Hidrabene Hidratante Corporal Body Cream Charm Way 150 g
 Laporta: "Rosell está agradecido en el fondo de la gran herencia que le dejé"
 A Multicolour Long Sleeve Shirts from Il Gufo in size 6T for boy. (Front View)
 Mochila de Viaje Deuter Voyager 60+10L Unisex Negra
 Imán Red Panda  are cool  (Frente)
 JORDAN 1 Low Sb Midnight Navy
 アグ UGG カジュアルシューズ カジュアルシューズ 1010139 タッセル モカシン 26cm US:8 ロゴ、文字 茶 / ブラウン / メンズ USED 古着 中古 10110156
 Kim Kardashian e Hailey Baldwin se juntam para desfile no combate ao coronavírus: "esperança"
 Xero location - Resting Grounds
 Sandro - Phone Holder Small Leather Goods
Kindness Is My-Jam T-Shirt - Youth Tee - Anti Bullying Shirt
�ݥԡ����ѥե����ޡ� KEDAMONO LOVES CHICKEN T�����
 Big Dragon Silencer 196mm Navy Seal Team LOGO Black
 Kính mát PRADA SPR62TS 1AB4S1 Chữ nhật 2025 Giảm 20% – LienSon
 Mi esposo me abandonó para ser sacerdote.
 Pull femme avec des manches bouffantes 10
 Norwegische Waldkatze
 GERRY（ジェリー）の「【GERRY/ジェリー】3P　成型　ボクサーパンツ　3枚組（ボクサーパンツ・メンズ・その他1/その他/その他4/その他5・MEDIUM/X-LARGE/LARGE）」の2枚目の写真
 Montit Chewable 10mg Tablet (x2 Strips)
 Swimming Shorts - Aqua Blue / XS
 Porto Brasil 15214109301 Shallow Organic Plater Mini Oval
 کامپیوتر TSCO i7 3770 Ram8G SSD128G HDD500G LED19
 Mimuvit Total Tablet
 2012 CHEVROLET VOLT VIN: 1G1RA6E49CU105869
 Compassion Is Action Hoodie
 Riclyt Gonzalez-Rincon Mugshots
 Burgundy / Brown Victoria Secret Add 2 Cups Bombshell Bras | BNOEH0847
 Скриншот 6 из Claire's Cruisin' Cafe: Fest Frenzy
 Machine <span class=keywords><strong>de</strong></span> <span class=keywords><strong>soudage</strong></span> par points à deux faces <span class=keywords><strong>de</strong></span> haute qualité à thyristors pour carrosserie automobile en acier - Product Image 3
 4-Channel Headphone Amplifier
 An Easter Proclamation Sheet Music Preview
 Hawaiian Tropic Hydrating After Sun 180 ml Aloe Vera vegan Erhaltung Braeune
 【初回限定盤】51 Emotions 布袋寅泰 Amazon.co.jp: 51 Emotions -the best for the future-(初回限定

> What needs to be done: Everything above from the line containing "GERRY（ジェリー）の「【" through the line containing "2012 CHEVROLET VOLT VIN: 1G1RA6E49CU105869" must be copied exactly. Nothing outside that range belongs in the answer.

> Task answer:
 GERRY（ジェリー）の「【GERRY/ジェリー】3P　成型　ボクサーパンツ　3枚組（ボクサーパンツ・メンズ・その他1/その他/その他4/その他5・MEDIUM/X-LARGE/LARGE）」の2枚目の写真
 Montit Chewable 10mg Tablet (x2 Strips)
 Swimming Shorts - Aqua Blue / XS
 Porto Brasil 15214109301 Shallow Organic Plater Mini Oval
 کامپیوتر TSCO i7 3770 Ram8G SSD128G HDD500G LED19
 Mimuvit Total Tablet
 2012 CHEVROLET VOLT VIN: 1G1RA6E49CU105869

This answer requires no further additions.